I have two numpy arrays, one an RGB
image, one a lookup table of pixel values, for example:
img = np.random.randint(0, 9 , (3, 3, 3))
lut = np.random.randint(0, 9, (1,3,3))
What I'd like is to know the x,y
coordinate in lut
of pixels whose values are common to img
and lut
, so I tried:
for x in xrange(img.shape[0]):
for y in xrange(img.shape[1]):
print np.transpose(np.concatenate(np.where(lut == img[x,y])))
At this point, the problem is that img[x,y]
, which will be in the form of [int_r, int_g, int_b]
does not get evaluated as a single element, so the three components get sought for separately in img
...
I would like the output to be something like:
(x_coord, y_coord)
But I only get output in the form of:
[0 0 0]
[0 2 1]
[0 0 2]
[0 0 0]
[0 0 0]
[0 0 2]
[0 0 1]
[0 2 2]
[0 1 2]
Can anyone please help? Thanks!
img = np.random.randint(0, 9 , (3, 3, 3))

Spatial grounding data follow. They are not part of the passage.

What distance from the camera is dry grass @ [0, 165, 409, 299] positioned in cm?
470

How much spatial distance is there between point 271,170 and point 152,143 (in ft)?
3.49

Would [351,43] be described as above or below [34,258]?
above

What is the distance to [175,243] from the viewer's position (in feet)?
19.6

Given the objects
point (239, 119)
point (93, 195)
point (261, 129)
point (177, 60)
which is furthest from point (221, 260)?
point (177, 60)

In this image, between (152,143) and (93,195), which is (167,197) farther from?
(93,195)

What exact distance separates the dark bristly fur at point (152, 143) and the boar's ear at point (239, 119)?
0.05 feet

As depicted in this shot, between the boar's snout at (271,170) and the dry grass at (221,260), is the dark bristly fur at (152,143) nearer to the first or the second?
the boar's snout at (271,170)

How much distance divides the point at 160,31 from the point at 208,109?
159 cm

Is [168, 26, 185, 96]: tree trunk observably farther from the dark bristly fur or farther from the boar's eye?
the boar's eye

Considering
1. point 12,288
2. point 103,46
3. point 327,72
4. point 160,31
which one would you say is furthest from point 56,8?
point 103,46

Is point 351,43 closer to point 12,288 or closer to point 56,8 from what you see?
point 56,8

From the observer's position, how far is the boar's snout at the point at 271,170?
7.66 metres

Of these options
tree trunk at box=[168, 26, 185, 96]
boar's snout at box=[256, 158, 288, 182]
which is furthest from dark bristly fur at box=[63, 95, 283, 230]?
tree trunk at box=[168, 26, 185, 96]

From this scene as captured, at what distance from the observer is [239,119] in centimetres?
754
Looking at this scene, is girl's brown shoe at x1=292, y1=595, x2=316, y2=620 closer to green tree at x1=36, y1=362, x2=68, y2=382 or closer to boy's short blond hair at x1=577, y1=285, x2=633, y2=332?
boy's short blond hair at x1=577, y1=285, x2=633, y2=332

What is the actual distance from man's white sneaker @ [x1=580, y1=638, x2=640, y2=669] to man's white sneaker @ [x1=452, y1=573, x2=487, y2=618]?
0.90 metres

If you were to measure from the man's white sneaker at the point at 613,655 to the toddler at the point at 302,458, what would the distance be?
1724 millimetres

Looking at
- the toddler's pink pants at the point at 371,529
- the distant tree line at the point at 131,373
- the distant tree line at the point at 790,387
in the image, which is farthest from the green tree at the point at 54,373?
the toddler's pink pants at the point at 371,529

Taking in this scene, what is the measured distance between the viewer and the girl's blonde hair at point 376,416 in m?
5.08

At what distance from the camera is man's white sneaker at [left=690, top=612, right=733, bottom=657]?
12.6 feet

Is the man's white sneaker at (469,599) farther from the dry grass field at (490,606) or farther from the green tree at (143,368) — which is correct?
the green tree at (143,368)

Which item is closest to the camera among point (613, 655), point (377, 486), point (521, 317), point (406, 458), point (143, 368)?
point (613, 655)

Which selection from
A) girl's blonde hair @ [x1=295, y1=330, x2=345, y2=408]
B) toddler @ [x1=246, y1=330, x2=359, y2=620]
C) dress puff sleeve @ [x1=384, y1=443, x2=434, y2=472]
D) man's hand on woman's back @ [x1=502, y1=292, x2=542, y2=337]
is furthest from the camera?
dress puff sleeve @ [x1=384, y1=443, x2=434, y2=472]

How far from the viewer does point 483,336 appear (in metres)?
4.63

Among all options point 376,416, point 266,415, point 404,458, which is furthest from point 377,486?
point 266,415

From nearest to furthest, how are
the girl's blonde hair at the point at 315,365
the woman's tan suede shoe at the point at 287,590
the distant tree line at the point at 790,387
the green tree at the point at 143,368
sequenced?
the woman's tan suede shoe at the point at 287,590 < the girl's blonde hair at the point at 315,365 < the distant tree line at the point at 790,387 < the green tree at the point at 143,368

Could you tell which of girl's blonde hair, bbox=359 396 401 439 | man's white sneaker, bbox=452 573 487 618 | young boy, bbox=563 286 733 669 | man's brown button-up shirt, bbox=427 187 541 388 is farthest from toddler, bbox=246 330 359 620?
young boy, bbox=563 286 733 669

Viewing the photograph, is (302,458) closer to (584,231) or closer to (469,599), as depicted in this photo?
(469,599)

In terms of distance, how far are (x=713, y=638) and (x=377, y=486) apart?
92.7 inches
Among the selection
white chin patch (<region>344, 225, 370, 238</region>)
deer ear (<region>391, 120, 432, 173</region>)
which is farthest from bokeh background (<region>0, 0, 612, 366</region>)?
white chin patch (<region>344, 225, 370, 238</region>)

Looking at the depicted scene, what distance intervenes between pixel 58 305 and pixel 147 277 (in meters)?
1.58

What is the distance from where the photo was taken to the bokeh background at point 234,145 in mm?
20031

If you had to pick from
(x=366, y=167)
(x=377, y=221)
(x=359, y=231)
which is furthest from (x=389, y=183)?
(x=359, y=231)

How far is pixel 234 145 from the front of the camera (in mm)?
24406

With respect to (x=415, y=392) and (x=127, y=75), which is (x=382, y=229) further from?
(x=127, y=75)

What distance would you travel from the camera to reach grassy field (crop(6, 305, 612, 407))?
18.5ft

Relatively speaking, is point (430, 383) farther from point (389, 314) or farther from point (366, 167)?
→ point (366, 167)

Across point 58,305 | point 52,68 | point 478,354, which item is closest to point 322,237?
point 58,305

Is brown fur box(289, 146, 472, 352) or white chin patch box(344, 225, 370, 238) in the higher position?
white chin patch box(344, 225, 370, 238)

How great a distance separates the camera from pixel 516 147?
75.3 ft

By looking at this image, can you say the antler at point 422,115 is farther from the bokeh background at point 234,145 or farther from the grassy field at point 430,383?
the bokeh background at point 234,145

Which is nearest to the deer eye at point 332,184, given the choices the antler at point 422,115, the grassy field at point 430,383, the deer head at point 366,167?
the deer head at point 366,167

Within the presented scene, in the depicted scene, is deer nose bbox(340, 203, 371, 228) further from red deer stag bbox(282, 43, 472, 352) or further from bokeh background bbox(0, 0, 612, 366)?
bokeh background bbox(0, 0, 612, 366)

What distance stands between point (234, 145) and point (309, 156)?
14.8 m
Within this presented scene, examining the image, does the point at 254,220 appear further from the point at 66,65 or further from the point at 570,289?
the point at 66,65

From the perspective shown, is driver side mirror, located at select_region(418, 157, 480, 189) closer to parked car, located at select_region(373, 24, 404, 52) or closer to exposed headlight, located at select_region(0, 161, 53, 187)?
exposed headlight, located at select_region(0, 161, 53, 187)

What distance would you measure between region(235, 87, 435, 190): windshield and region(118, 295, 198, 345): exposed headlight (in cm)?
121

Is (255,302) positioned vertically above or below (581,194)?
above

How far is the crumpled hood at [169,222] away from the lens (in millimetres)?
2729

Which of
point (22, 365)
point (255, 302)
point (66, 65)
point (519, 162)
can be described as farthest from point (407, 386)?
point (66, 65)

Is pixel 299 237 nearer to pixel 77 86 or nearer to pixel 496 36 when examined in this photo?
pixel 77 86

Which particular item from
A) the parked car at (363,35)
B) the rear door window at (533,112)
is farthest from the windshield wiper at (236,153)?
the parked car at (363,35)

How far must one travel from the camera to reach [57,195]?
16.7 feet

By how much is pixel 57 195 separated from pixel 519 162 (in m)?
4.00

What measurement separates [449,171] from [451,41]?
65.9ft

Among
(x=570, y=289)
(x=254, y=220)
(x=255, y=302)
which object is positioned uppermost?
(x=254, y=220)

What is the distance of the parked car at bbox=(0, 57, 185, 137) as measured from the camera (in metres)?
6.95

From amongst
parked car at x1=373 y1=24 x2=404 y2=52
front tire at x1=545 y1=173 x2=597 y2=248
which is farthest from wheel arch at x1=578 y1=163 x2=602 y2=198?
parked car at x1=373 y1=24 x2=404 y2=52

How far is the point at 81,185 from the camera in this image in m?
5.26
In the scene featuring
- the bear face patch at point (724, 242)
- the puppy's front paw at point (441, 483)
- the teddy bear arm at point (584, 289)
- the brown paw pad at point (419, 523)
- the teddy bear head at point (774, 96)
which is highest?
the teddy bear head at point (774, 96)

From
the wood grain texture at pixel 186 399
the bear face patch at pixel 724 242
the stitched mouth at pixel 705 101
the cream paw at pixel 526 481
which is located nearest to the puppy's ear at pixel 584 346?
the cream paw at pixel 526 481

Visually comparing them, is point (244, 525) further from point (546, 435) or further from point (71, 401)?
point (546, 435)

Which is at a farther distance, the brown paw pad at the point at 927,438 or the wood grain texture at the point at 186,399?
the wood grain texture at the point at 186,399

lut2 = img[1,2,:] # so that we know exactly the answer
# compare two matrices
img == lut2
array([[[False, False, False],
[False, False, False],
[False, True, False]],
[[False, False, False],
[False, False, False],
[ True, True, True]],
[[ True, False, False],
[ True, False, False],
[False, False, False]]], dtype=bool)
# rows with all true are the matching ones
np.where( (img == lut2).sum(axis=2) == 3 )
(array([1]), array([2]))
I don't really know why lut is filled with random numbers. But, I assume that you want to look for the pixels that have the exactly same color. If so, this seems to work. Is this what you need to do?
@otterb 's answer works if lut
is defined as a single [r,g,b] pixel slice, but it needs to be tweaked a little if you want to generalize this process to a multi-pixel lut
:
img = np.random.randint(0, 9 , (3, 3, 3))
lut2 = img[0:1,0:2,:]
for x in xrange(lut2.shape[0]):
for y in xrange(lut2.shape[1]):
print lut2[x,y]
print np.concatenate(np.where( (img == lut2[x,y]).sum(axis=2) == 3 ))
yields:
[1 1 7]
[0 0]
[8 7 4]
[0 1]
where triplets are pixel values, and doublets are their coordinates in the lut
.
Cheers, and thanks to @otterb!
PS: iteration over numpy arrays is bad. The above is not production code.